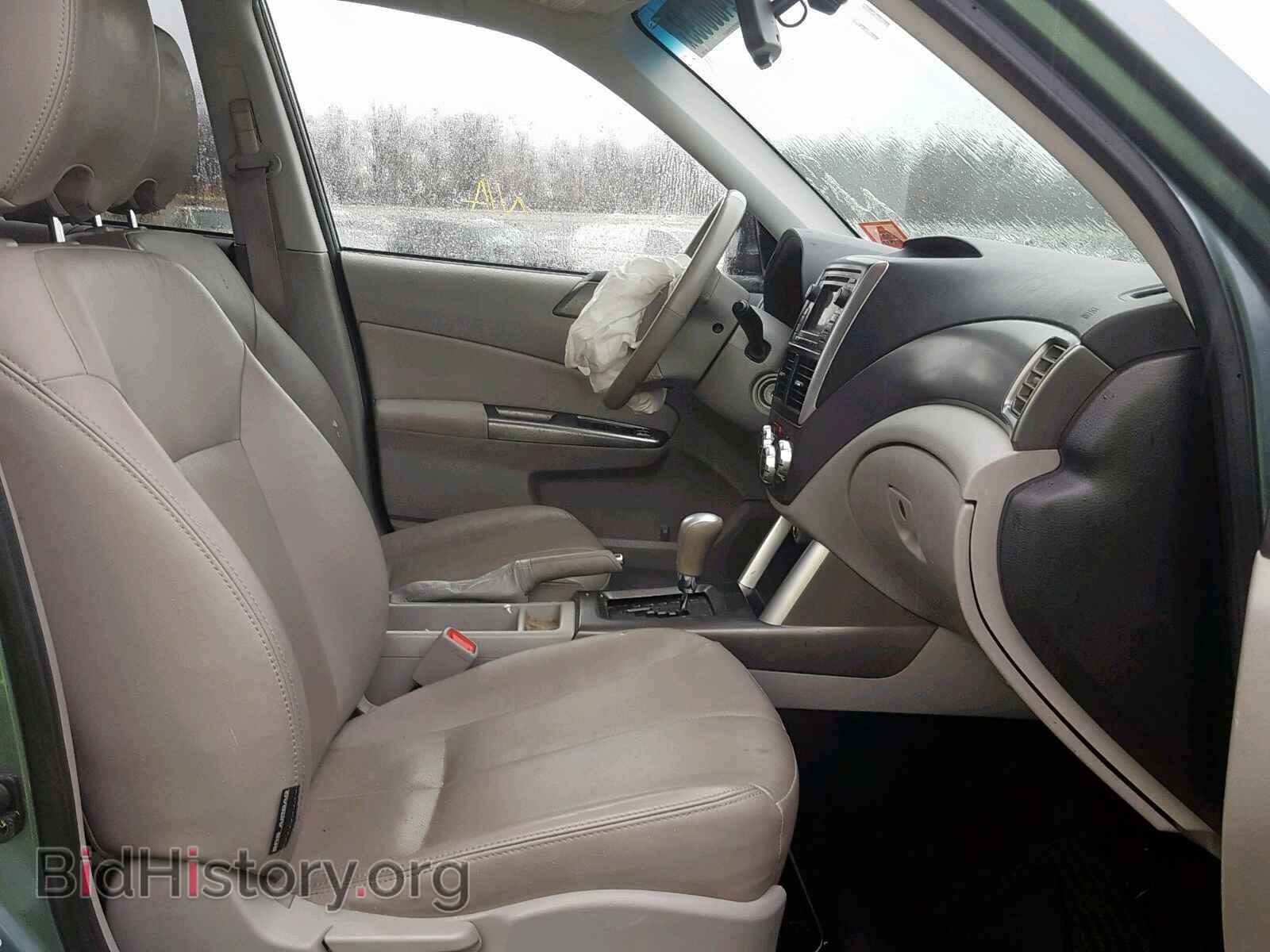 2011 SUBARU FORESTER - VIN: JF2SHAEC4BH735189 - Фото 5
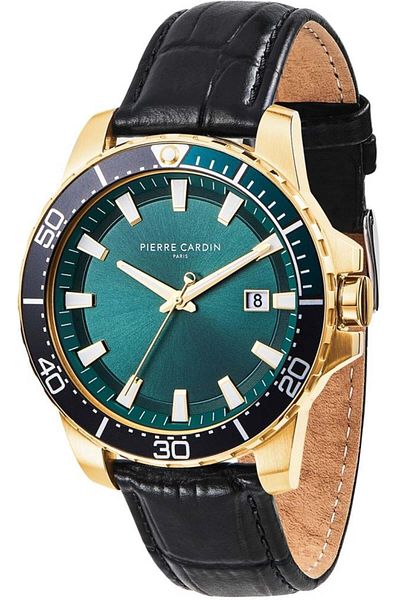 Pierre Cardin Cf.0106.Lb Model Wristwatch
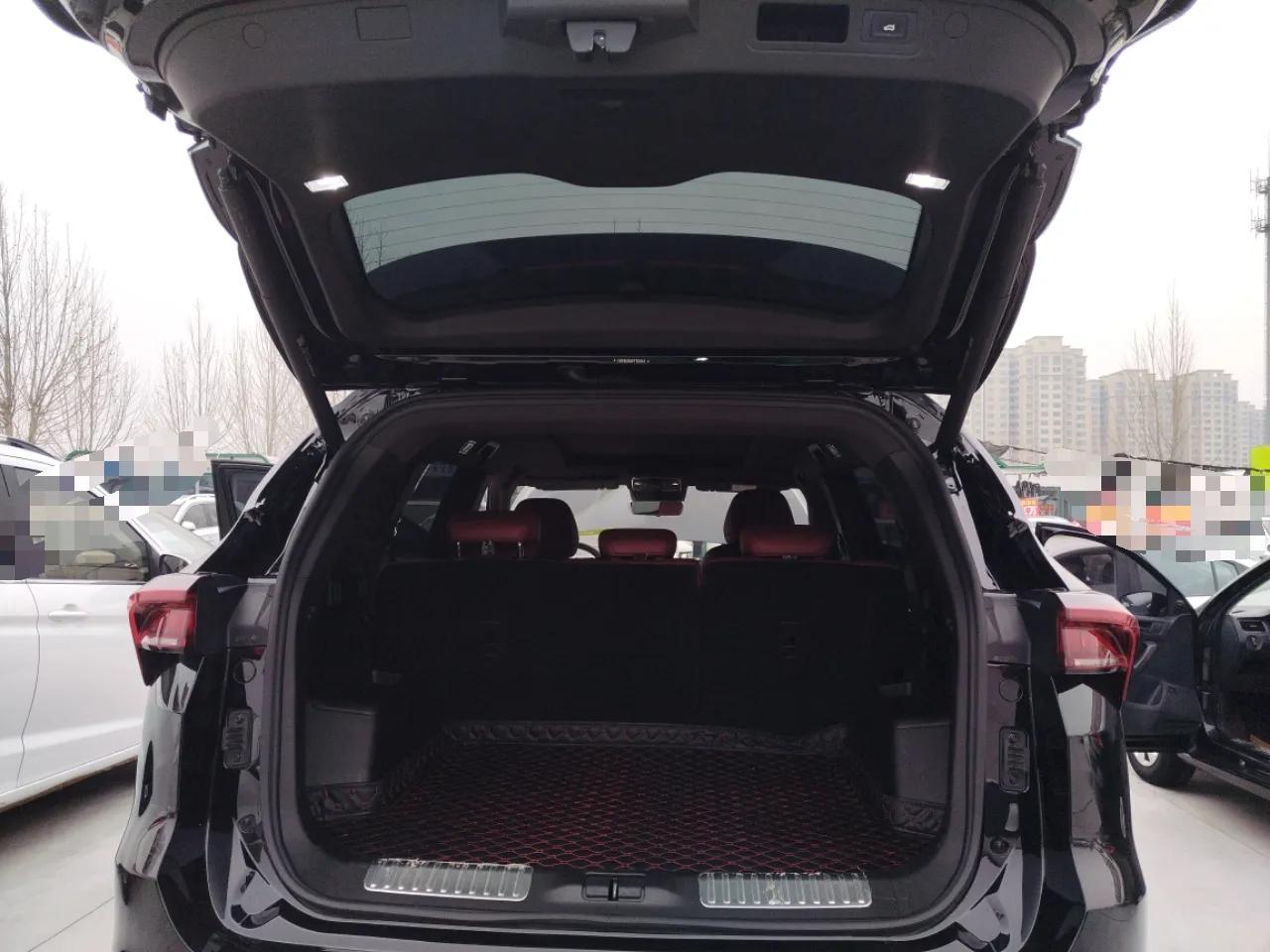 JETOUR X70 PRO 2023 1.6T DCT Enjoy MAX 5-seater — миниатюра 22
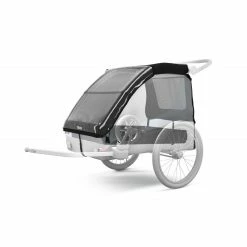 Thule Courier Dog Trailer Kit -VTC électriques Soldes thule courier dog trailer kit 2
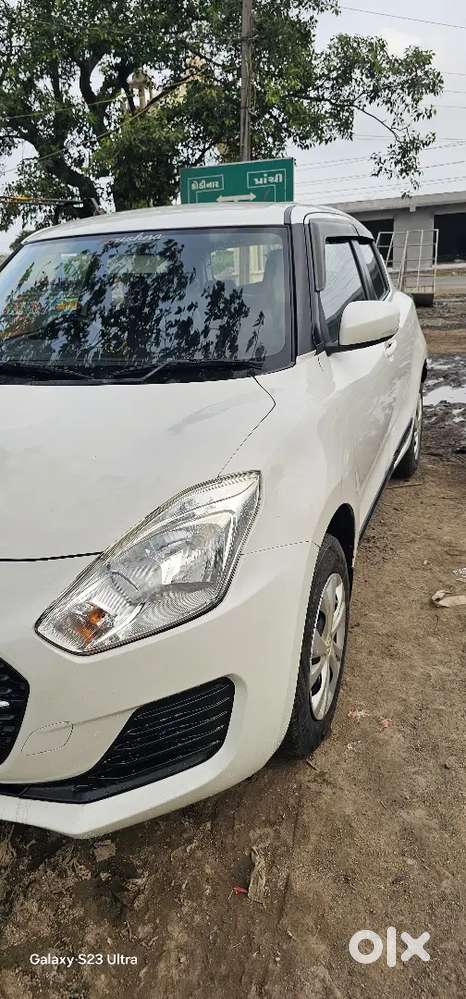 Maruti Suzuki Swift 2021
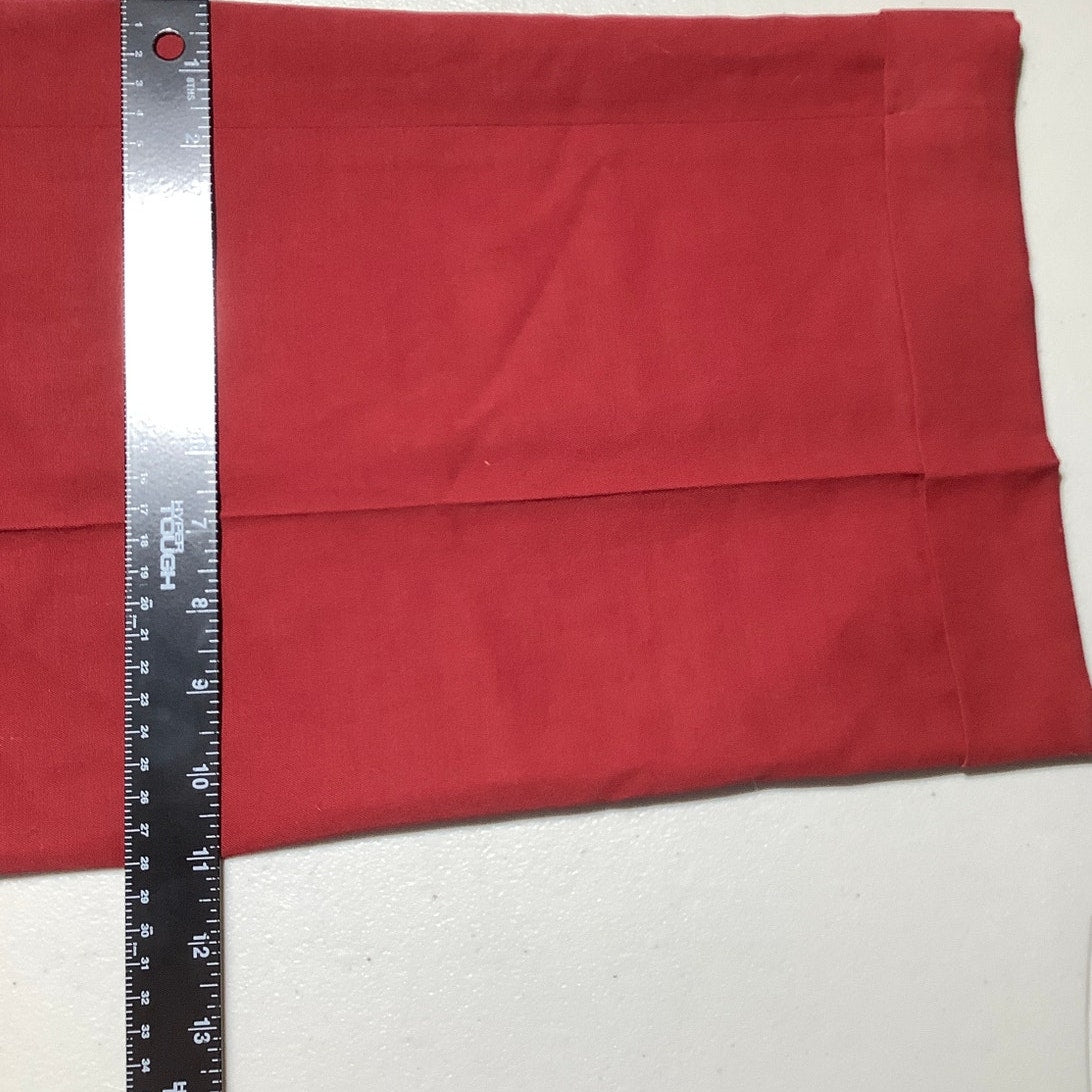 Talbots Red Wool Dress Slacks Women 16 Long NWT— Classic, Tailored, Professional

********************

Description of the task
Every record above should come back exactly, but without its pictures.

Exercise output
 2011 SUBARU FORESTER - VIN: JF2SHAEC4BH735189 - Фото 5
 Pierre Cardin Cf.0106.Lb Model Wristwatch
 JETOUR X70 PRO 2023 1.6T DCT Enjoy MAX 5-seater — миниатюра 22
 Thule Courier Dog Trailer Kit -VTC électriques Soldes thule courier dog trailer kit 2
 Maruti Suzuki Swift 2021
 Talbots Red Wool Dress Slacks Women 16 Long NWT— Classic, Tailored, Professional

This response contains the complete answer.